====== MATERIAL SHOWN ======
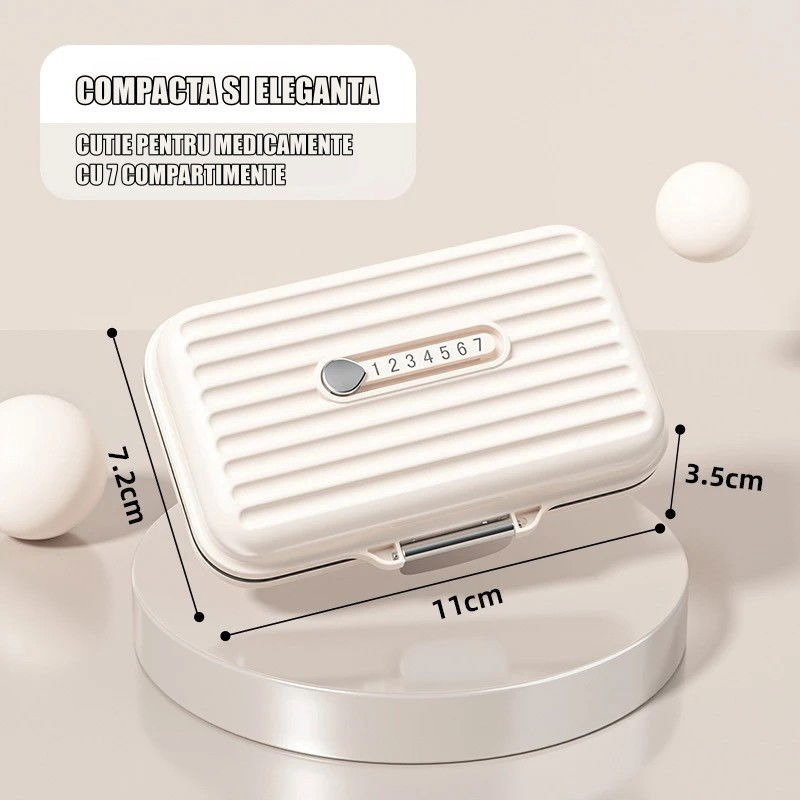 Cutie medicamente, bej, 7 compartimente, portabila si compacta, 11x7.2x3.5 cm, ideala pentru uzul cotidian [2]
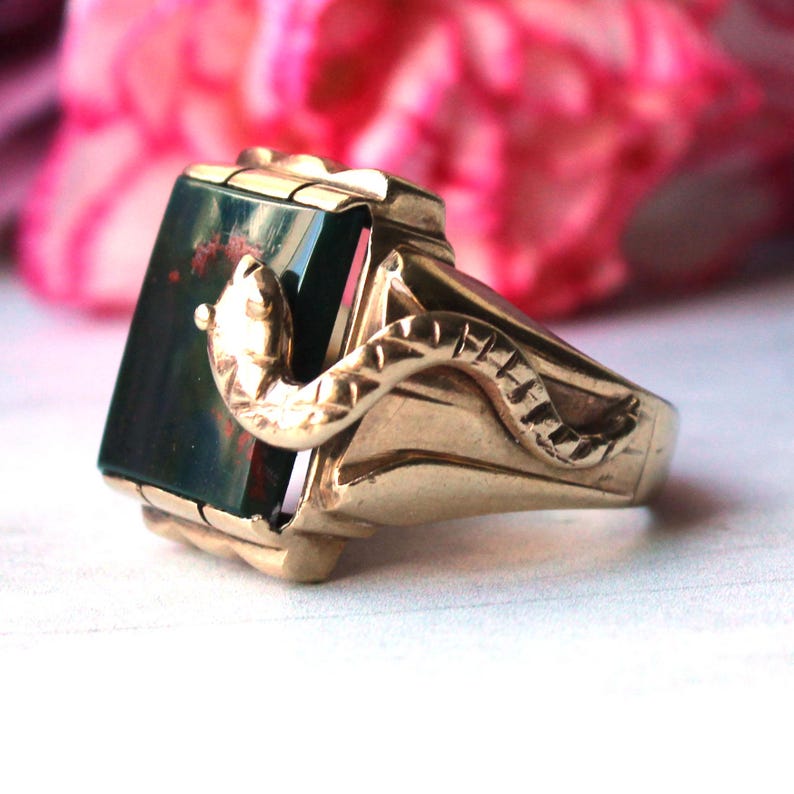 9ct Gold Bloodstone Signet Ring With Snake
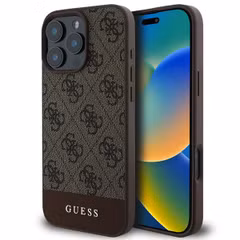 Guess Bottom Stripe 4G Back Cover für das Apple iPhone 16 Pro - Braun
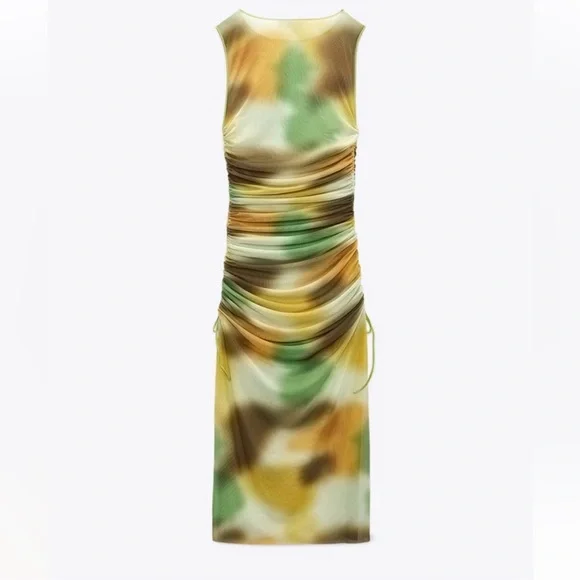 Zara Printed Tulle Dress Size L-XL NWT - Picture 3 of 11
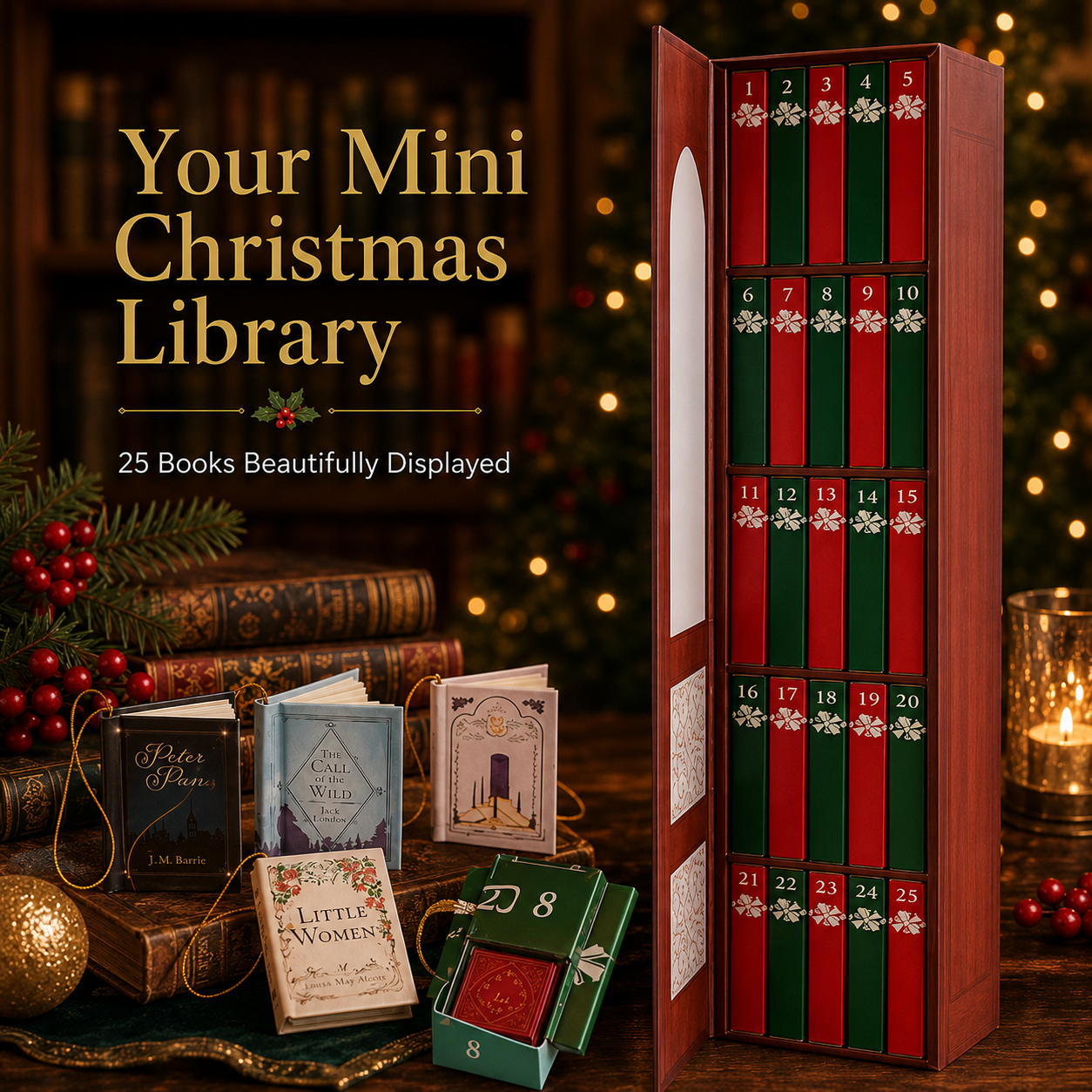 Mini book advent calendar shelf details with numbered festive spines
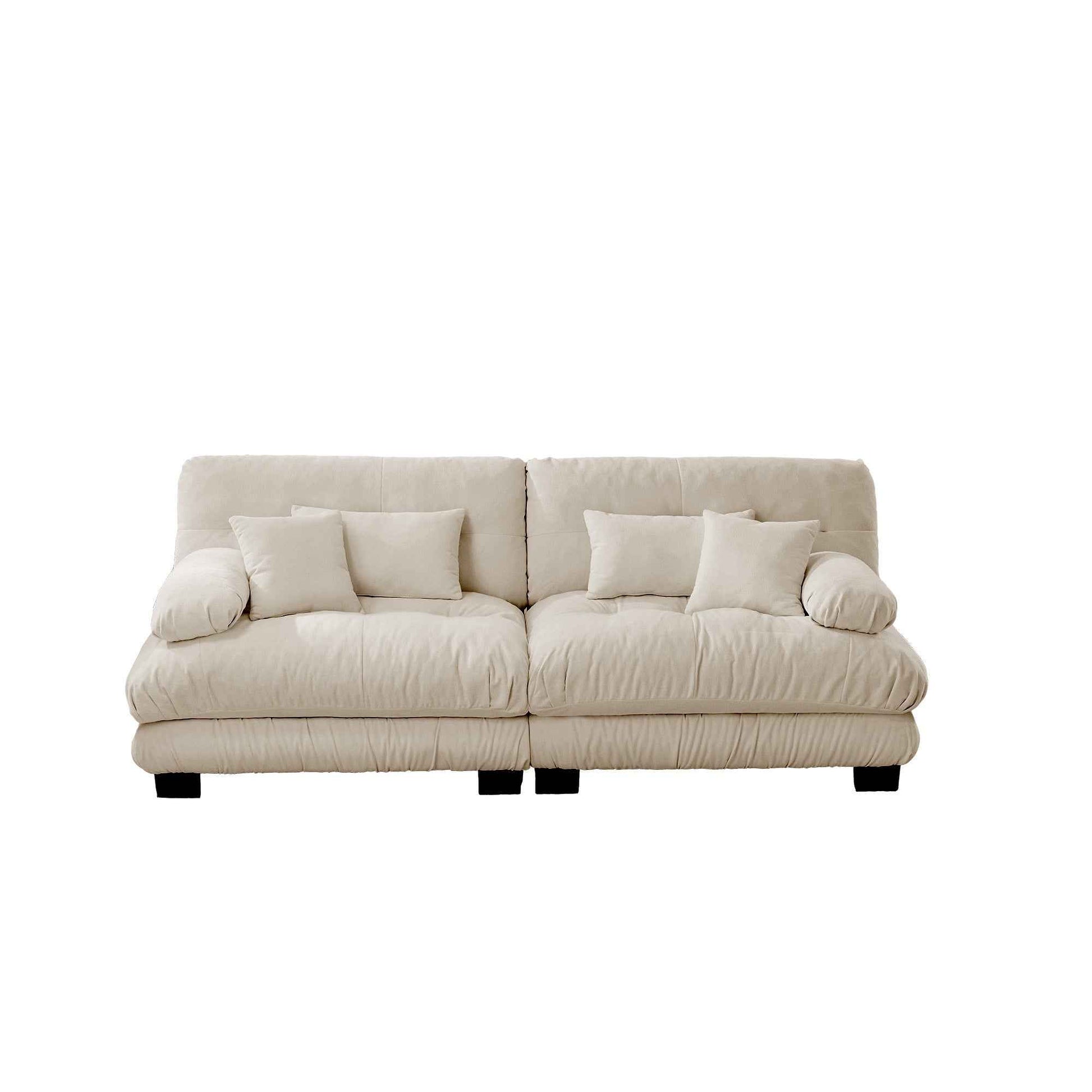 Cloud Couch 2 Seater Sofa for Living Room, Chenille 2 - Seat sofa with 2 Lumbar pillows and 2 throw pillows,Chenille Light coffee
======
#### WHAT YOU NEED TO DO
Print each record as it appears above, dropping every picture from the copy.

#### RESPONSE
 Cutie medicamente, bej, 7 compartimente, portabila si compacta, 11x7.2x3.5 cm, ideala pentru uzul cotidian [2]
 9ct Gold Bloodstone Signet Ring With Snake
 Guess Bottom Stripe 4G Back Cover für das Apple iPhone 16 Pro - Braun
 Zara Printed Tulle Dress Size L-XL NWT - Picture 3 of 11
 Mini book advent calendar shelf details with numbered festive spines
 Cloud Couch 2 Seater Sofa for Living Room, Chenille 2 - Seat sofa with 2 Lumbar pillows and 2 throw pillows,Chenille Light coffee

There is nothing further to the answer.